Scraped caption text data:
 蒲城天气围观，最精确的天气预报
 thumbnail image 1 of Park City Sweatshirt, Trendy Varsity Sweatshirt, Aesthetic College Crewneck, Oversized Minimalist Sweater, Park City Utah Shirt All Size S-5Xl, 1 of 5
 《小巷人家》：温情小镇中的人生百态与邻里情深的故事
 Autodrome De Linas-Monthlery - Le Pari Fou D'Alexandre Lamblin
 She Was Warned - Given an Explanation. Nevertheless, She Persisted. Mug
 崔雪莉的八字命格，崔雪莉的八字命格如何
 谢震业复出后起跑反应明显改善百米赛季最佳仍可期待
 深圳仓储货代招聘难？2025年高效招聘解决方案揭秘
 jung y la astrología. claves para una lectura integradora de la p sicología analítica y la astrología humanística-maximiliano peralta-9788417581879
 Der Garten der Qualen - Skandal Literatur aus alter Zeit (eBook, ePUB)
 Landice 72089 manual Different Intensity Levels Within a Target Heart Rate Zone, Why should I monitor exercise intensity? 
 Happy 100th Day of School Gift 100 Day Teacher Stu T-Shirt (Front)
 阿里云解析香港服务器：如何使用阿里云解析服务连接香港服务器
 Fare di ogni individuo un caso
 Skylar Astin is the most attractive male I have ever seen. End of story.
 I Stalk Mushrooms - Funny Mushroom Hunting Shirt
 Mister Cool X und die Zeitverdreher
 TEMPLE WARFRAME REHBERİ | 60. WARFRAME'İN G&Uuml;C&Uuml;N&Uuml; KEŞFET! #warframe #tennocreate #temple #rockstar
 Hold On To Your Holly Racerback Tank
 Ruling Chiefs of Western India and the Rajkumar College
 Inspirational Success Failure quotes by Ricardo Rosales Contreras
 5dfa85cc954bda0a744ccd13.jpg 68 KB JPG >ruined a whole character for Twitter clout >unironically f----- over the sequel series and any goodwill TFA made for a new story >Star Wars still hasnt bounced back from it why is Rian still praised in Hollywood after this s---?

WORK INSTRUCTIONS
The required output is the line containing "Hold On To Your Holly Racerback Tank" through the last line of the records above, each copied exactly and nothing more.

TASK OUTPUT
 Hold On To Your Holly Racerback Tank
 Ruling Chiefs of Western India and the Rajkumar College
 Inspirational Success Failure quotes by Ricardo Rosales Contreras
 5dfa85cc954bda0a744ccd13.jpg 68 KB JPG >ruined a whole character for Twitter clout >unironically f----- over the sequel series and any goodwill TFA made for a new story >Star Wars still hasnt bounced back from it why is Rian still praised in Hollywood after this s---?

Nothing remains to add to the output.